Dealflow | October 16, 2024

Kataly Foundation charts an equitable bond strategy as it looks to spend out its reserves

Amy Cortese
ImpactAlpha Editor

Amy Cortese

“Is it possible to fully divest from Wall Street and invest in community with hundreds of millions of dollars?” Kataly Foundation’s Lynne Hoey began her recent series for ImpactAlpha detailing Kataly’s journey to align its investments with its values. The San Francisco-based foundation, co-founded by Regan Pritzker and committed to spending down, or spending out, its reserves by 2030, is now executing on the strategy it devised.

A key component: corporate and municipal bonds. 

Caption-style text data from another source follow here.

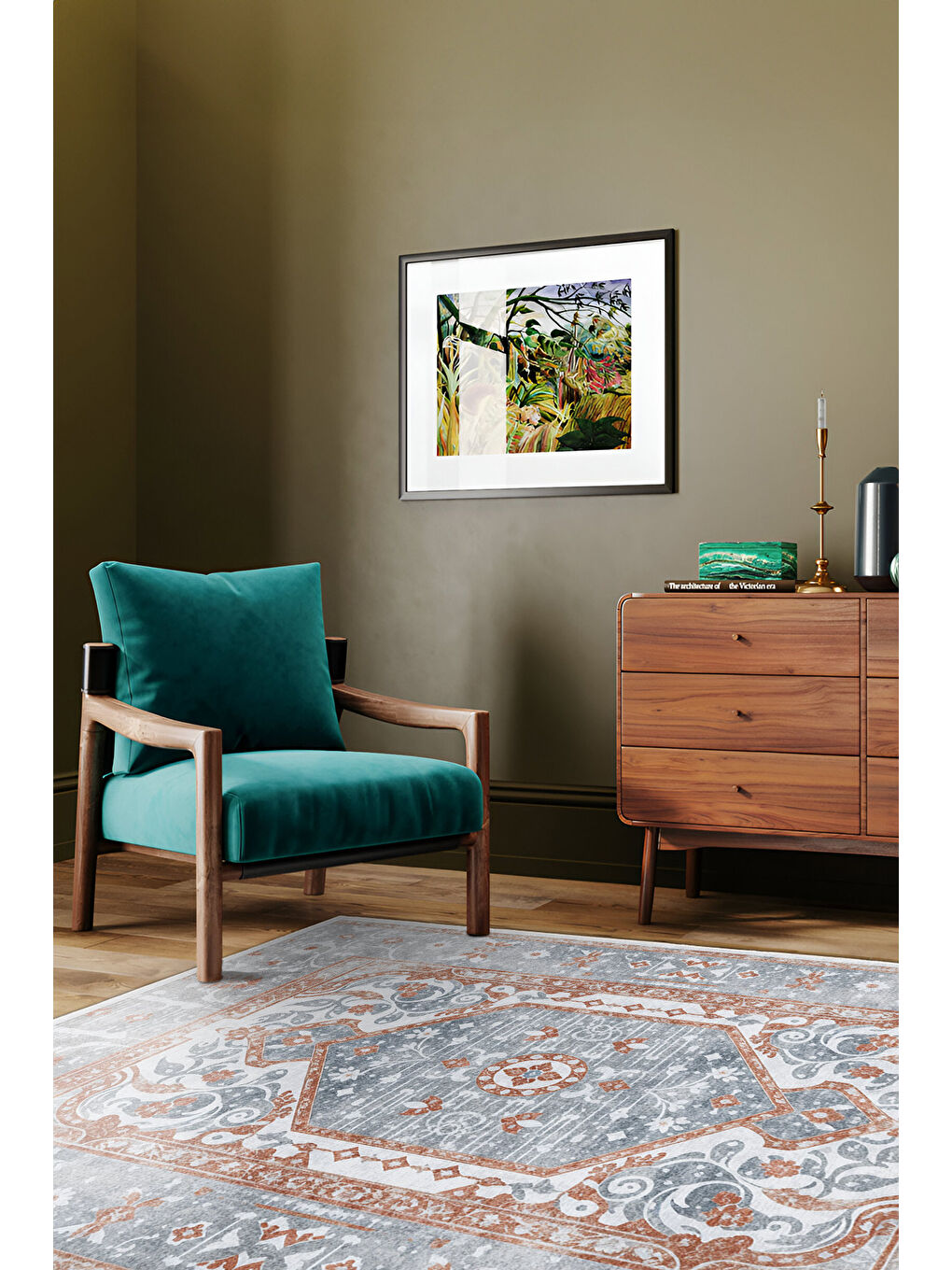 Gri Dekoratif Özel Tasarım Yıkanabilir İnce Kaymaz Tabanlı Modern Halı KECE FR12-1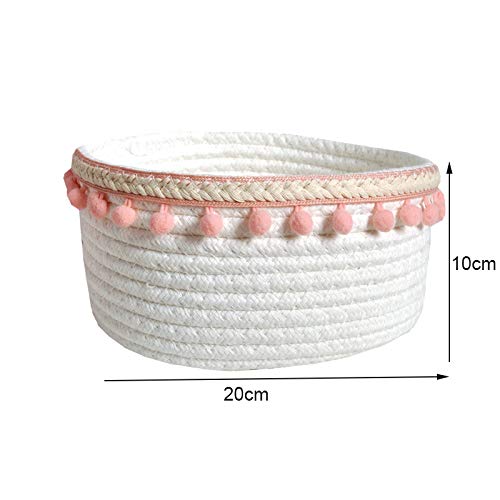 Cobeky - Cesta de almacenamiento de cuerda de algodón redonda para ropa sucia, cesta de cosméticos, juguetes para niños, organizador de escritorio, cesta de accesorios para el hogar (rosa)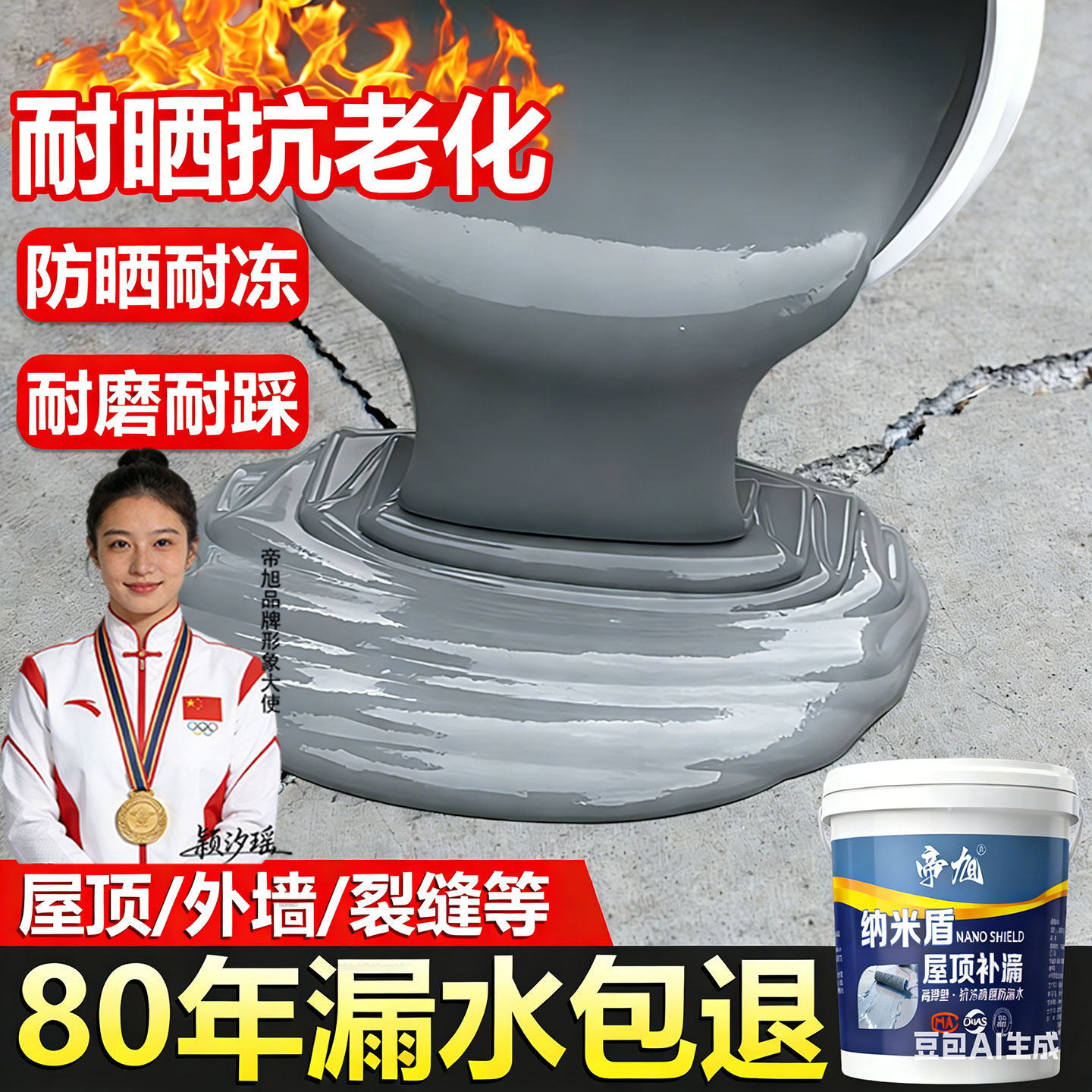 纳米盾屋顶专用防水涂料楼顶补漏材料房顶天沟裂缝渗水外墙防水胶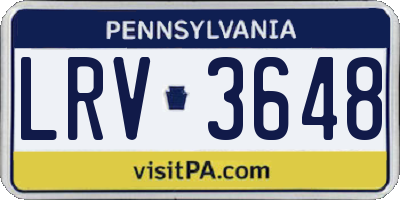 PA license plate LRV3648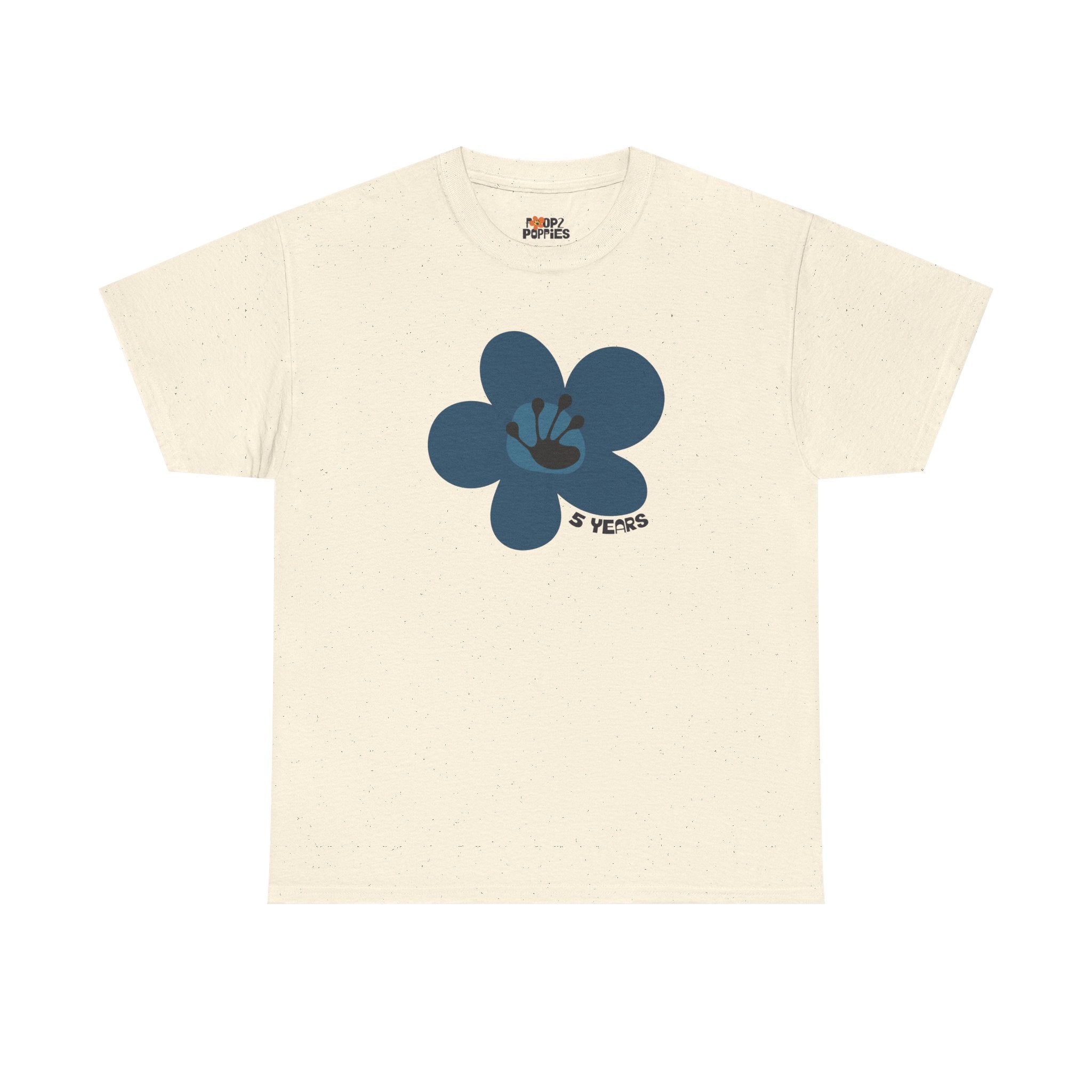 5 Year Milestone Unisex Flower T-Shirt | Recovery Gift | Poop2Poppies™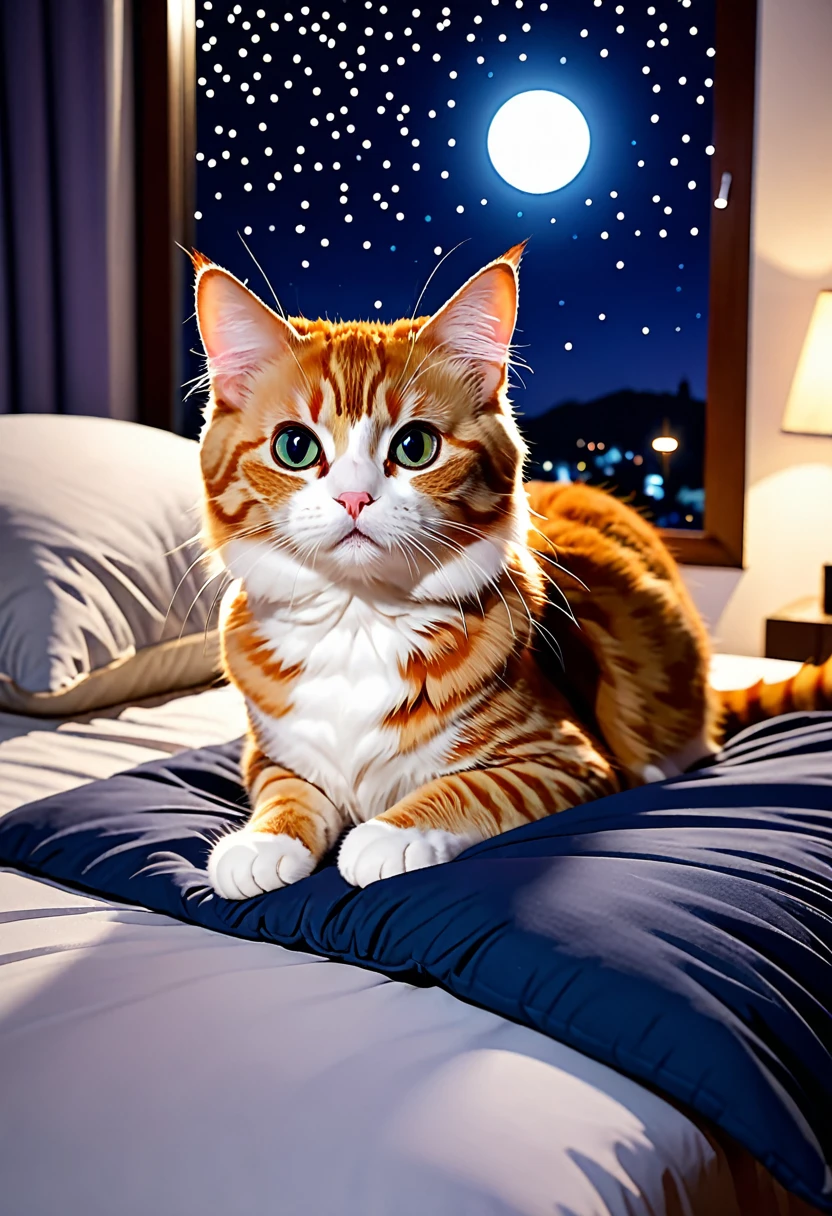 8k,high quality,cat, cute,on the bed,midnight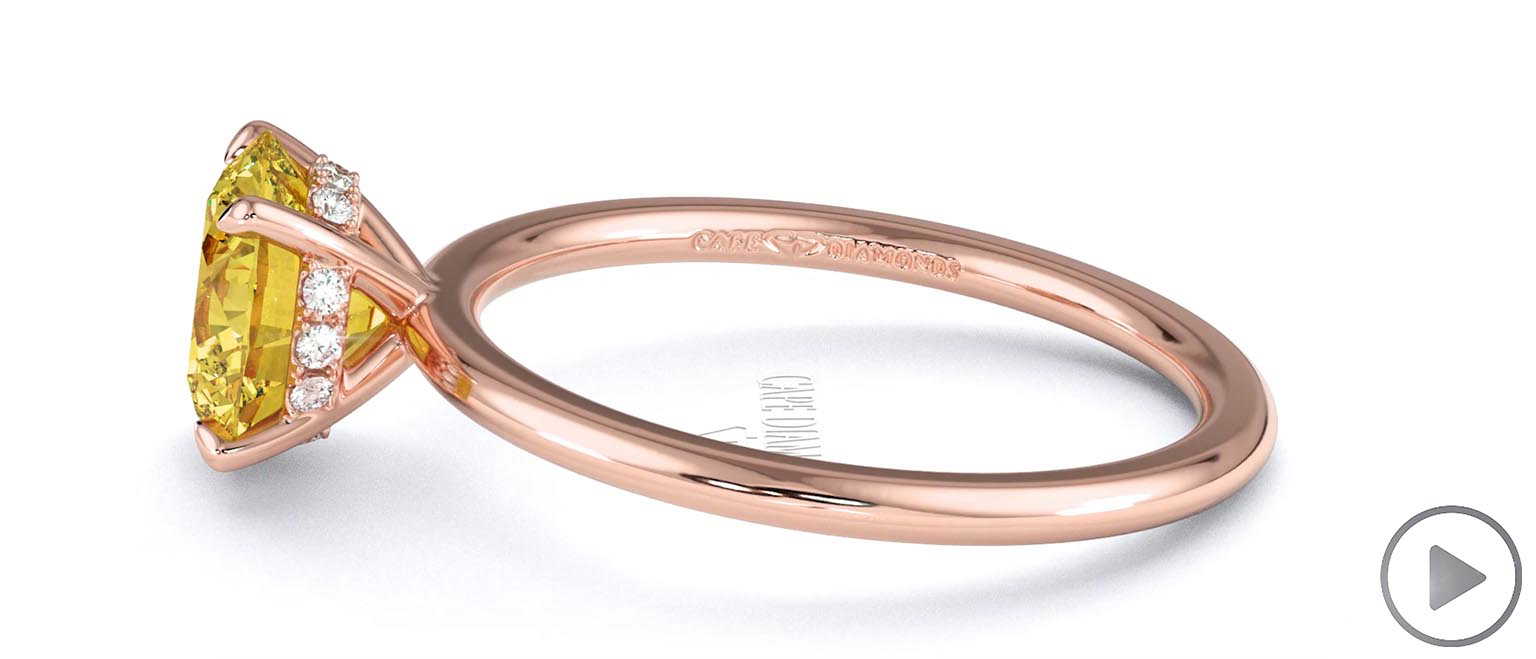 Yellow Natural Diamond Round Cut Hidden Halo Engagement Ring Rose Gold top video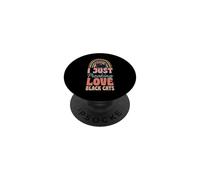 Black Cat Life Is The Best Life Retro Vintage Style PopSockets Adhesive PopGrip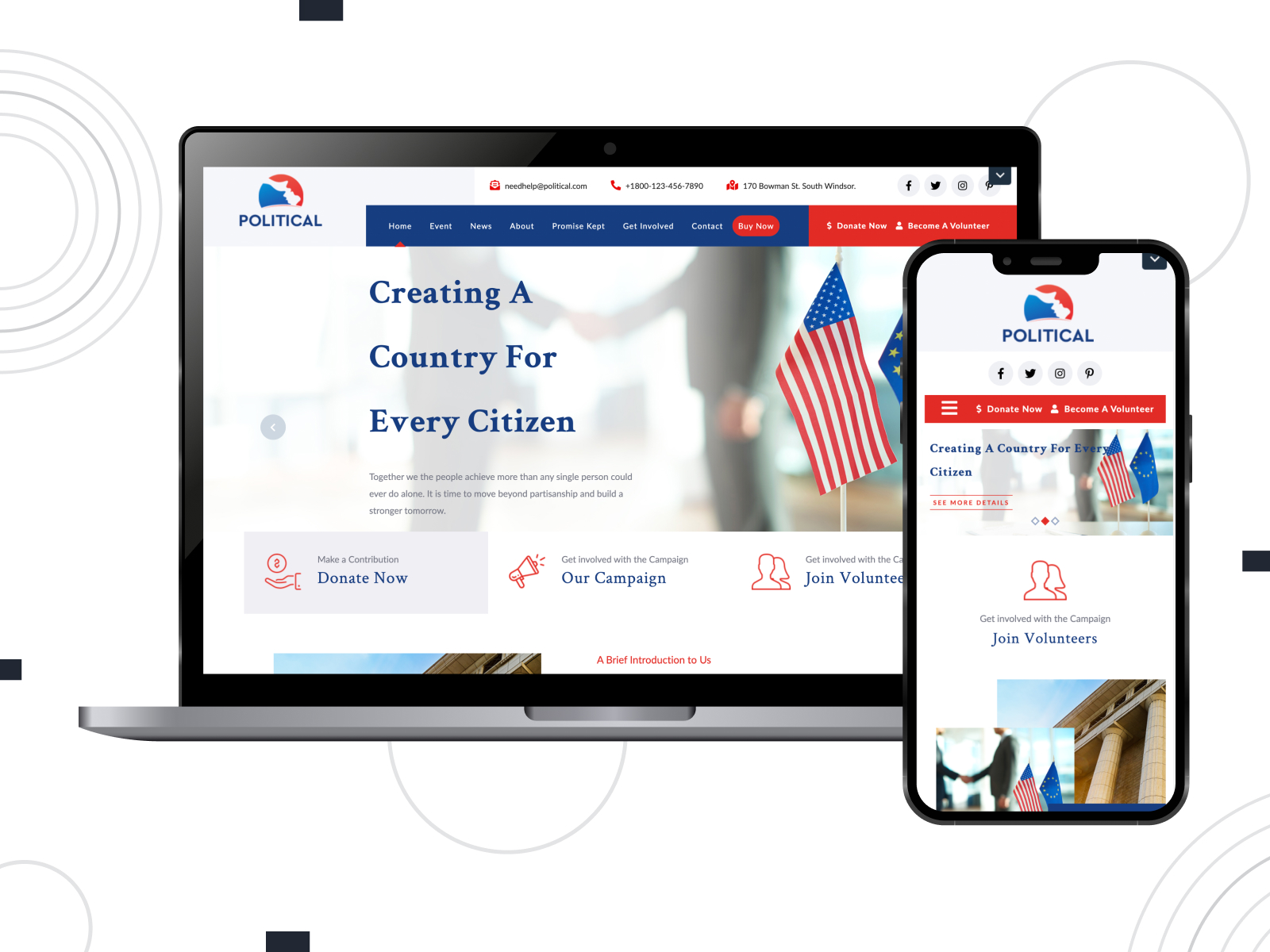 Representation of Political Campaign - free, innovative & responsive theme for political candidates with WooCommerce compatibility in darkorange, white, and midnightblue color gradation.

Xponance, a Black female-founded, employee-owned investment firm, will manage a $117 million corporate bond portfolio for Kataly. The Philadelphia-based company has the exclusive license to develop products for pensions, endowments, foundations and other investors using As You Sow’s racial justice and diversity, equity and inclusion data. The bonds are screened for involvement with “surveillance, prisons, the Occupied Territories, and militarization industries,” as well as more conventional environmental, social and governance factors. 

Xponance is focused on “transforming access to alpha,” says founder Tina Byles Williams, and helping clients “in the expression of their portfolio priorities, which include religious, environmental and racial justice, and workplace equity factors.” The firm has more than $16.6 in assets under management. 

Muni impact

For its municipal bond strategy, Kataly is looking to Next World Assets, a registered investment advisor unit of Activest, to invest $50 million in muni bonds  that aim to improve conditions in predominantly Black US communities. 

The foundation is also parking $65 million in cash with Inclusiv, which will invest the money in term deposits with credit unions and cooperativas in the US and Puerto Rico. Still in the works: a partner to manage a loan portfolio comprised of Native American community development financial institutions.  

“The commitment of these asset managers to equity and justice allows us to more effectively meet our mission of redistributing wealth to Black, Indigenous, and all communities of color to build political, economic, and cultural power,” writes Kataly.